## Instructions to follow
Pictures are to be dropped, and only the lines from the one containing "Breakfast: Bagel sandwich(sliced" through the end of the data below are to be reproduced as written.
START Supplied records
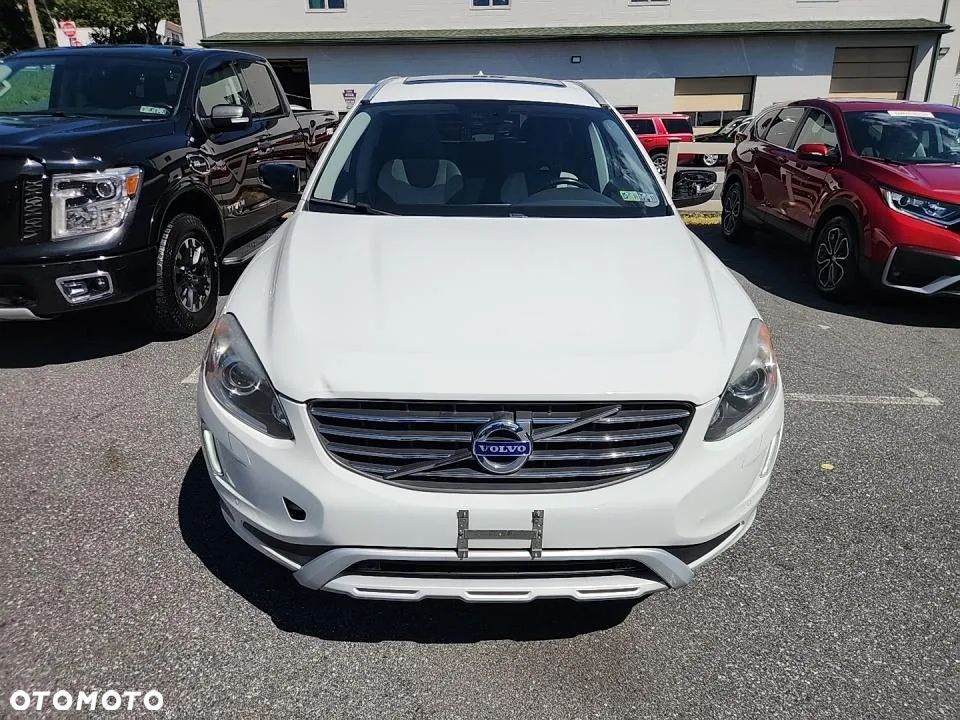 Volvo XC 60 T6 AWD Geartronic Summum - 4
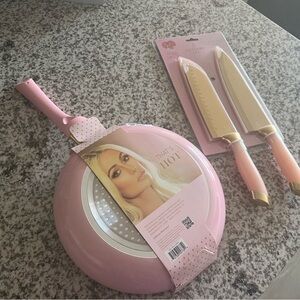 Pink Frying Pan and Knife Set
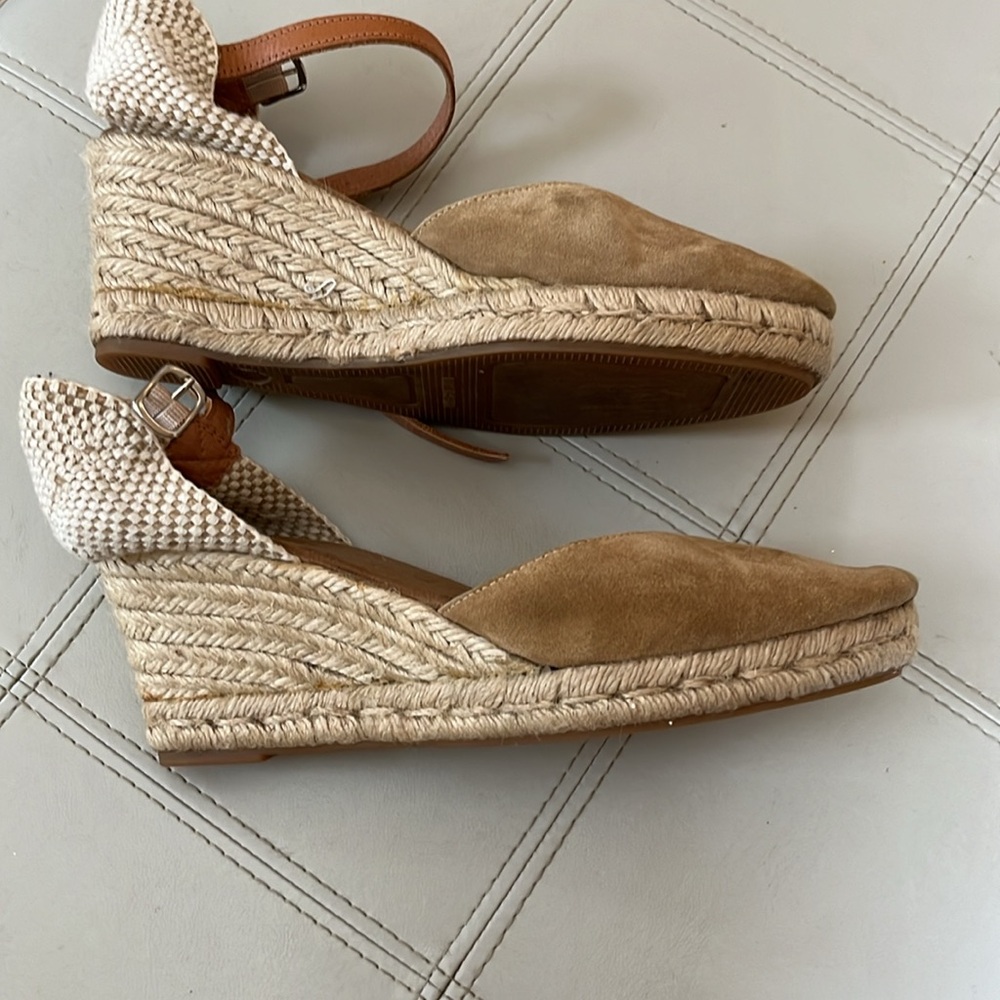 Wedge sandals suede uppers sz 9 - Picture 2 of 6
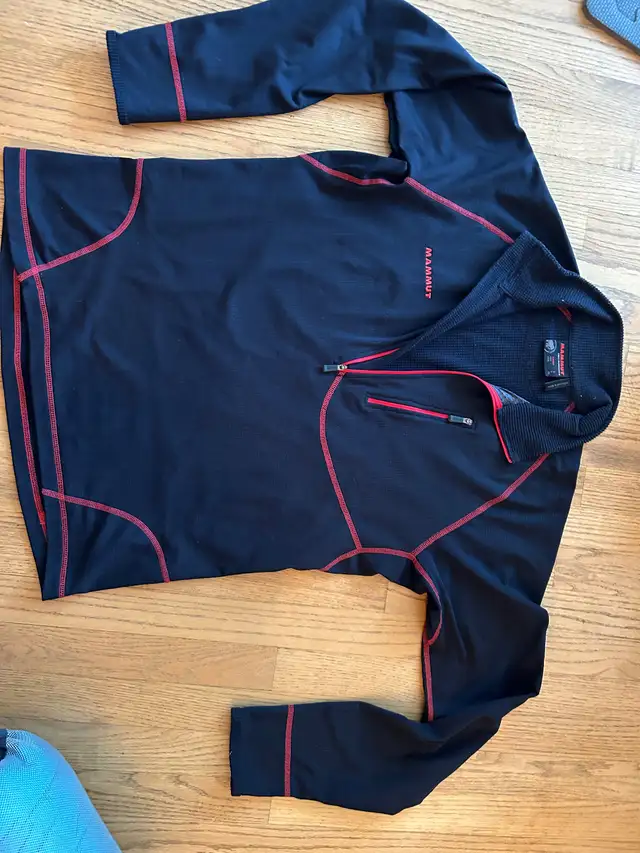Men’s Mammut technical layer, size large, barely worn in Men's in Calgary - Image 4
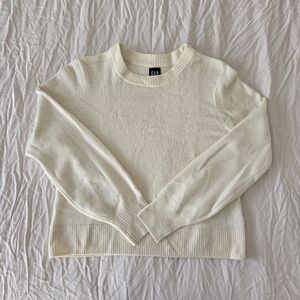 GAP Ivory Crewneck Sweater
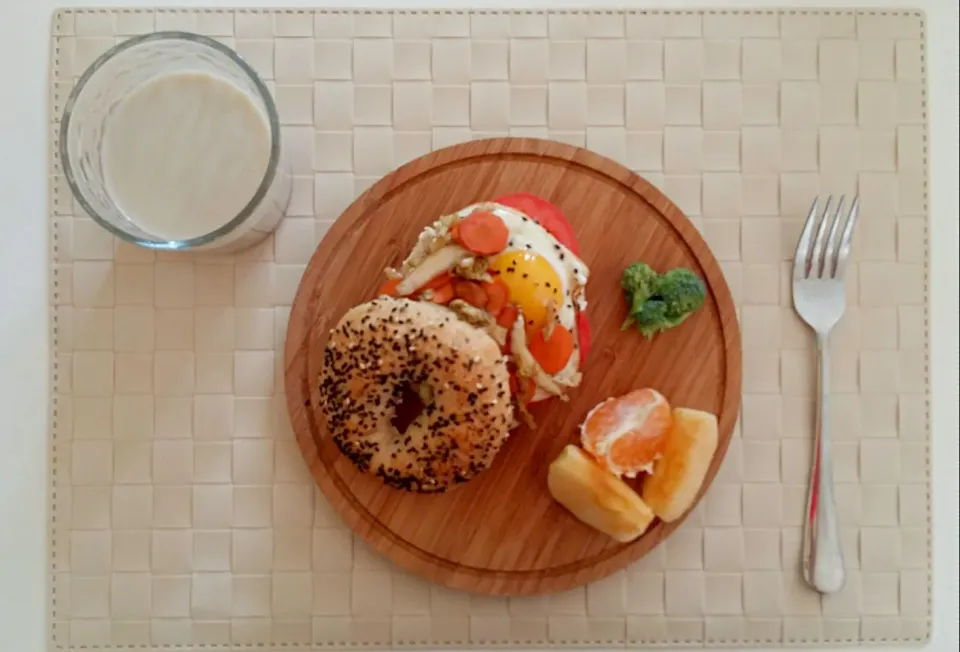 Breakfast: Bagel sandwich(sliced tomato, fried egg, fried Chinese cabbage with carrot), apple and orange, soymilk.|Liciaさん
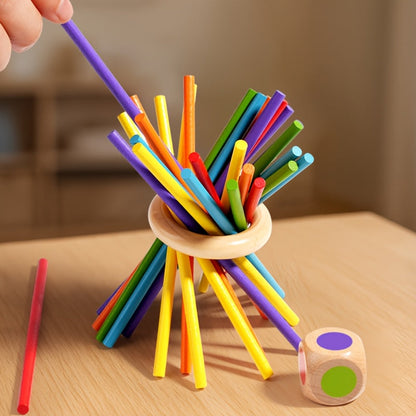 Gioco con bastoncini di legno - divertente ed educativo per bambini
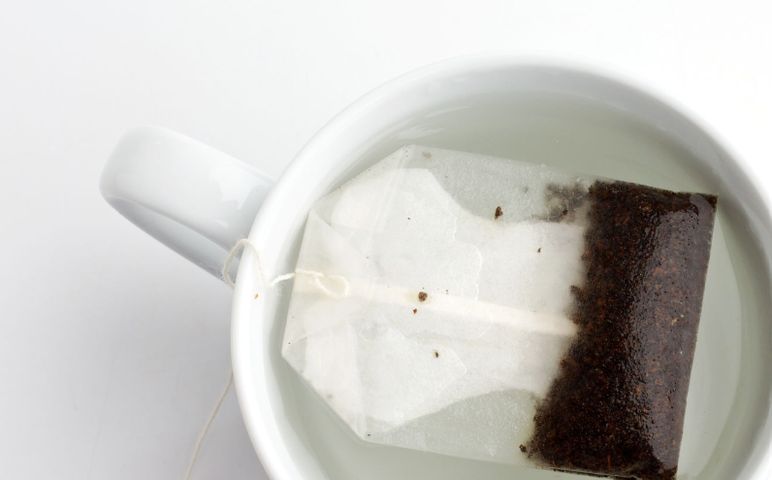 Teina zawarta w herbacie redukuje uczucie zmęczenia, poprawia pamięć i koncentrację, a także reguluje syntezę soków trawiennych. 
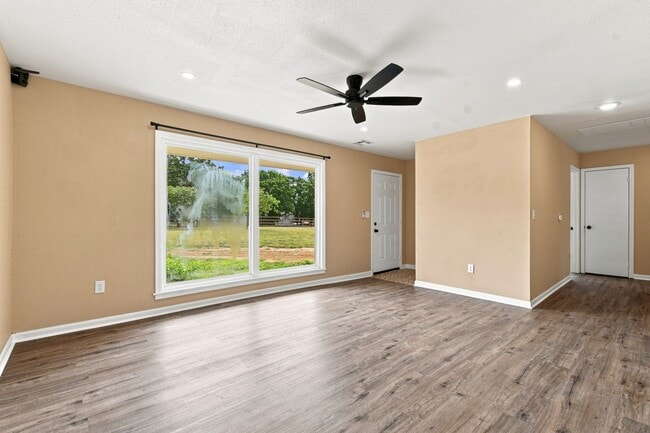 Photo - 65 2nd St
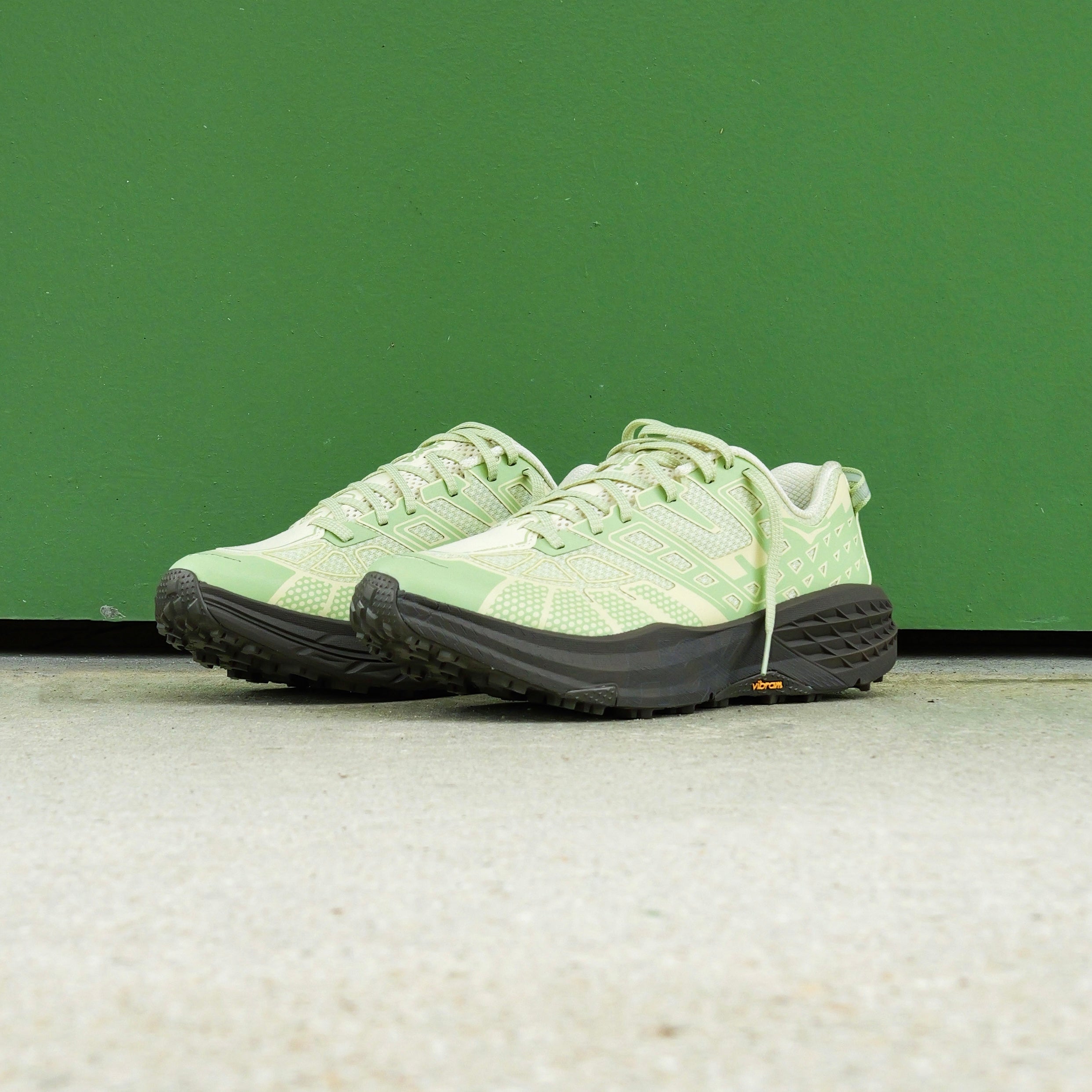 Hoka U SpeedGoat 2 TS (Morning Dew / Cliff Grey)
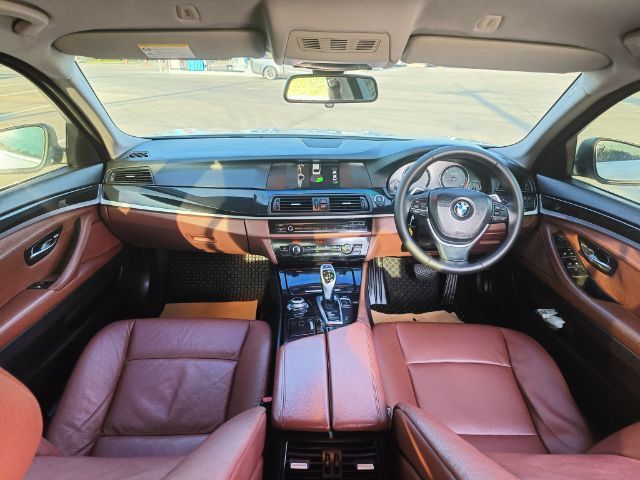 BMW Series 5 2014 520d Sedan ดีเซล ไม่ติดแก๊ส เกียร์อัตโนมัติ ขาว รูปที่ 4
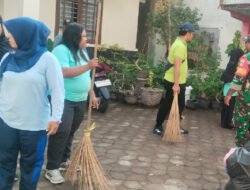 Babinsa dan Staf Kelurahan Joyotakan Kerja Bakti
END Supplied records
## Output of the exercise
 Breakfast: Bagel sandwich(sliced tomato, fried egg, fried Chinese cabbage with carrot), apple and orange, soymilk.|Liciaさん
 Gioco con bastoncini di legno - divertente ed educativo per bambini
 Teina zawarta w herbacie redukuje uczucie zmęczenia, poprawia pamięć i koncentrację, a także reguluje syntezę soków trawiennych. 
 Photo - 65 2nd St
 Hoka U SpeedGoat 2 TS (Morning Dew / Cliff Grey)
 BMW Series 5 2014 520d Sedan ดีเซล ไม่ติดแก๊ส เกียร์อัตโนมัติ ขาว รูปที่ 4
 Babinsa dan Staf Kelurahan Joyotakan Kerja Bakti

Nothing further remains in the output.